§ What the task asks
Your copy should hold exactly the lines from the one containing "Đèn vách quán" through the last line of the entries, and no pictures.
### Dataset
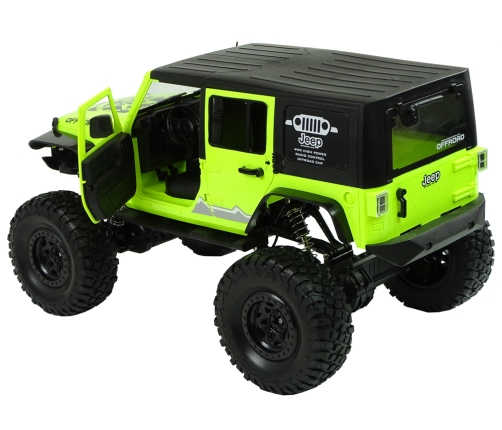 Rock Crawler 2.4 GHz Green 4x4 Shock Absorbers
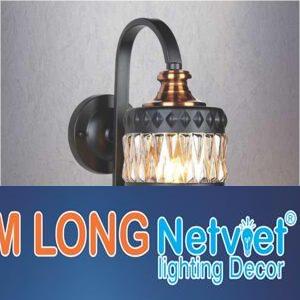 Đèn vách quán kiểu sang trọng L230*H340, E27*1 Lamp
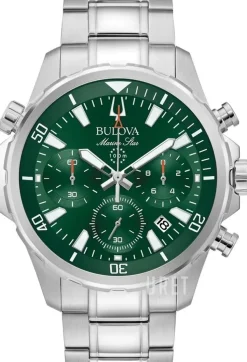 Marine Star Grön/Stål Ø47 mm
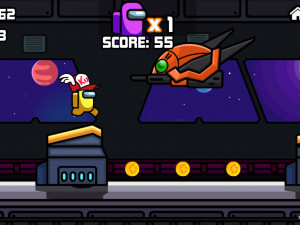 Игра Амонг Ас: Спейс Раш (Among Us Space Rush) — играть онлайн бесплатно (изображение №6)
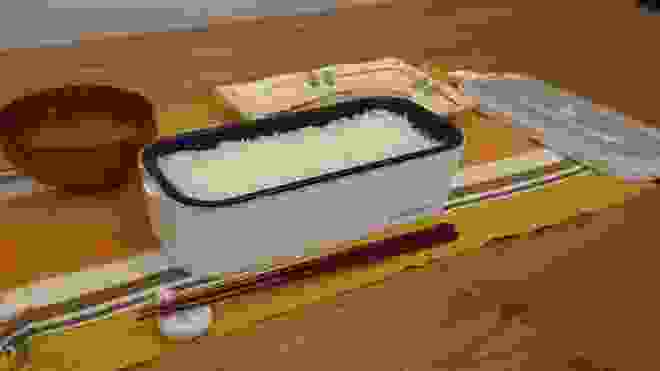 14分でお米が炊ける！弁当箱形の高速炊飯器【半歩未来のライフスタイル】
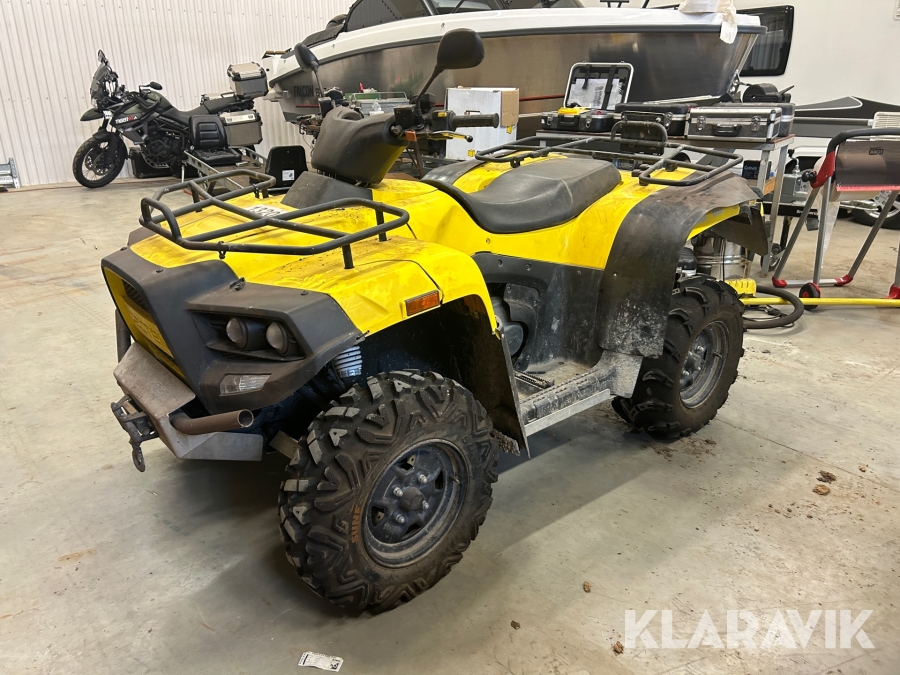 Fyrhjuling Cectek V2 Gladiator med släp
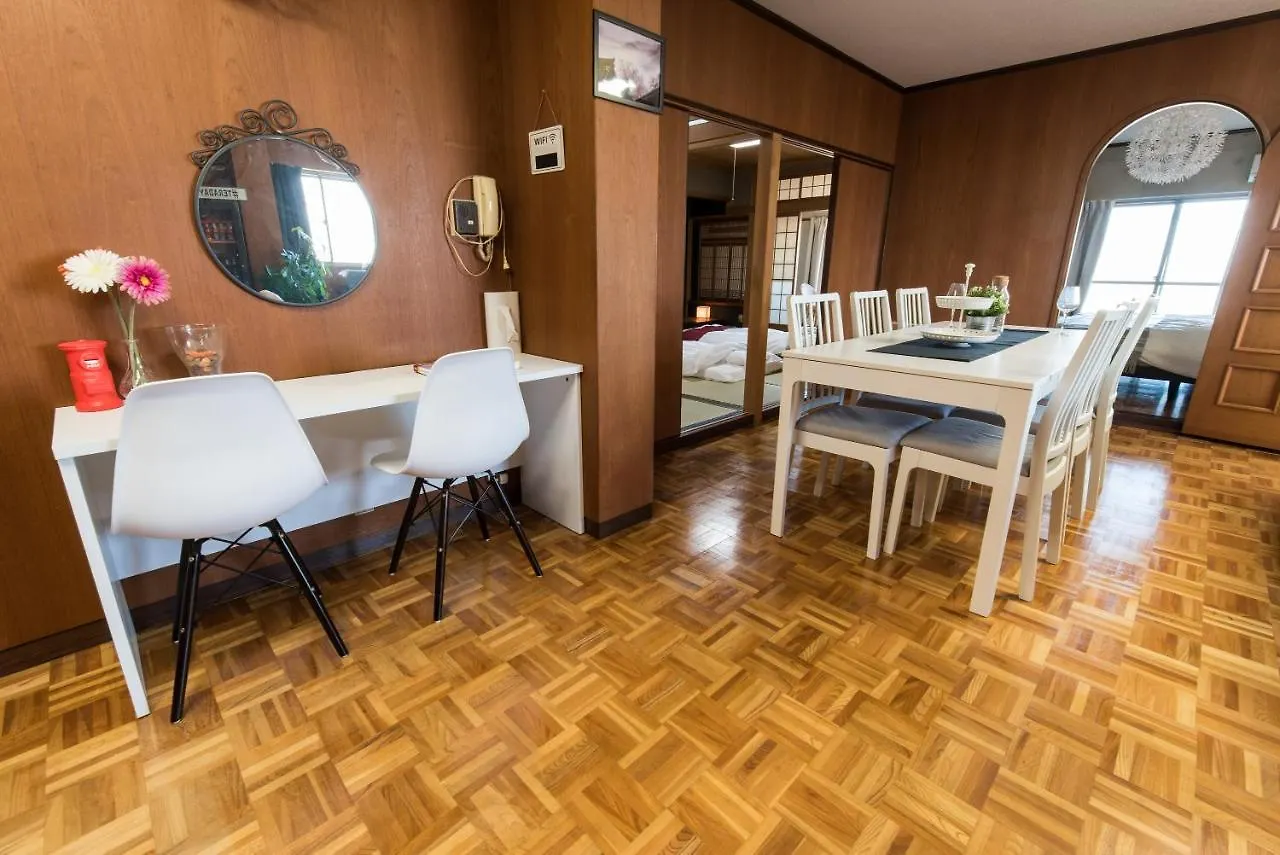 Teradaya Osaka Ryokan 150M2 寺田屋大阪旅館 Your Own Property Sweet Home In Ósaka Japonsko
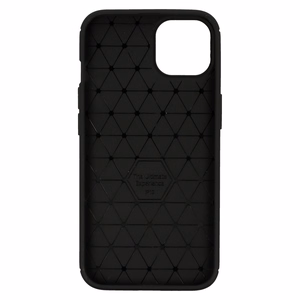 Tel Protect Carbon Elite iPhone 13:lle musta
######
§ Answer
 Đèn vách quán kiểu sang trọng L230*H340, E27*1 Lamp
 Marine Star Grön/Stål Ø47 mm
 Игра Амонг Ас: Спейс Раш (Among Us Space Rush) — играть онлайн бесплатно (изображение №6)
 14分でお米が炊ける！弁当箱形の高速炊飯器【半歩未来のライフスタイル】
 Fyrhjuling Cectek V2 Gladiator med släp
 Teradaya Osaka Ryokan 150M2 寺田屋大阪旅館 Your Own Property Sweet Home In Ósaka Japonsko
 Tel Protect Carbon Elite iPhone 13:lle musta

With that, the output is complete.